As you’ll see in the picture, there are extremely narrow streets and the historic urban form has essentially been in tact, many of the buildings have been replaced or under on-going maintenance. And sometimes the camera catches a Leprechaun as well…
I think my favorite things about being in Philly are the scale, obviously of some of the older neighborhoods, the diversity of even the nicest neighborhoods, and relatedly, the completeness of the neighborhoods. While mostly being of 2 to 4-story heighths, the area has enough density for small neighborhood restaurants (third places) and service retail (to meet every day needs) on virtually every street corner.
Unfortunately, this area isn’t well served by the Philly rail system, you’ve got everything you need here.
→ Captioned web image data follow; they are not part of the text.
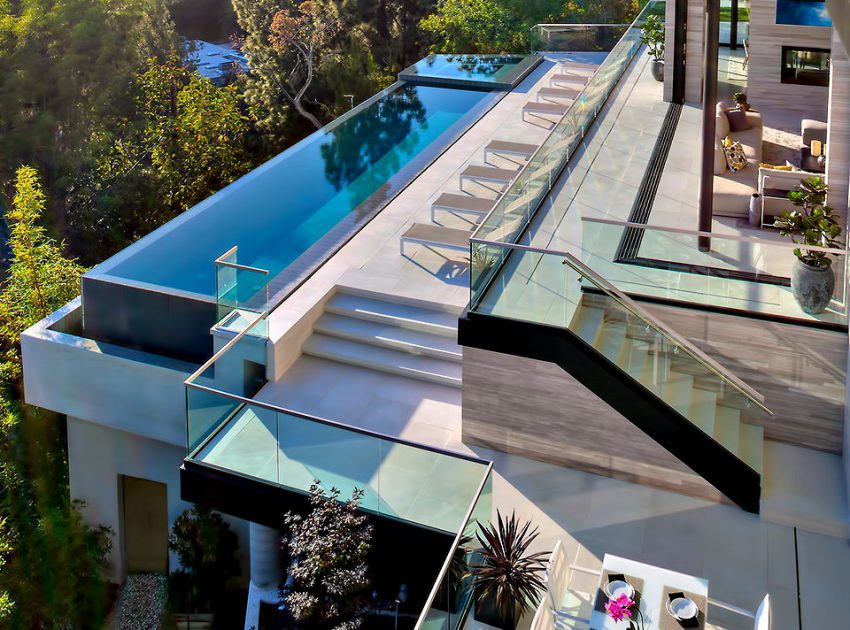 A Luxurious Modern Home with Infinity Pool and Stunning City Views of Los Angeles by Evan Gaskin (8)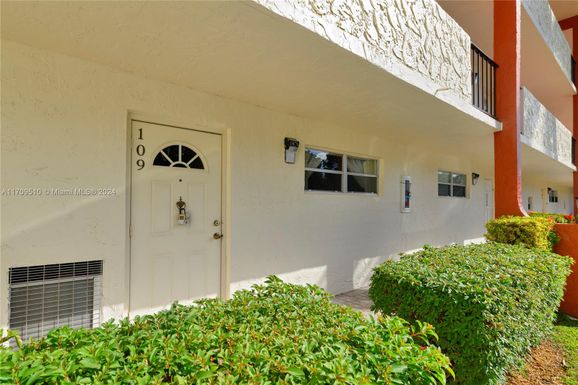 9800 N Hollybrook Lake Dr # 109, Pembroke Pines FL 33025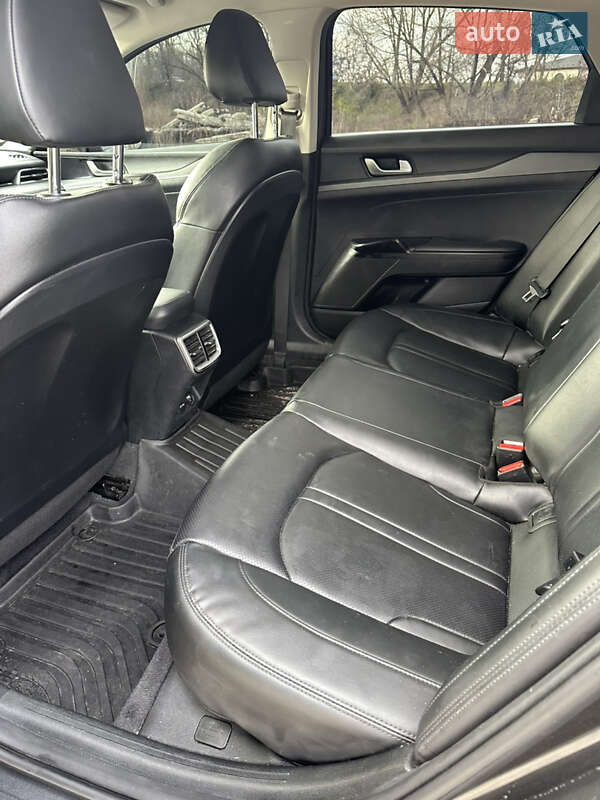 Седан Kia K5 2021 в Вінниці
My buddy, while in no way committed to a car-free lifestyle to prove any kind of point, self-righteousness, or moral superiority, he’s contemplating a similar move simply for economic and practical reasons. It’s a pain to find parking (always a sign of a place “in demand”) and yes, your car might get broken into, as the hole in his dash suggests.
After the troops were gathered it was off to never sunny State College, PA, home of the Pennsylvania State University and each of our alma maters. State College is so named because Penn State was a Land Grant school and the school was hence established before the town. In fact, the county seat is even in a place called Bellefonte. As you see in the picture below, while the town is only about 25,000 people, the university has grown to over 40,000 undergrad students on the main campus alone, making it a dense little city in the midst of the rolling Appalachians, the nearest city being Harrisburg about 90 miles away.
The picture below shows the intersection of College and Allen Streets standing at the University Gates. College Ave is the seam forming a true “Town & Gown” environment and the hub of activity.
Student section, bored by the 45-14 outcome got a reverse wave going…
But, this is how I remember my experience while in school…when people tell you that the walk to school was uphill both ways through the snow, it’s only true in one place on Earth, State College. The other strange phenomenon? Wind (and thus rain, sleet, and snow) was ALWAYS into your face no matter which direction you attempted to walk.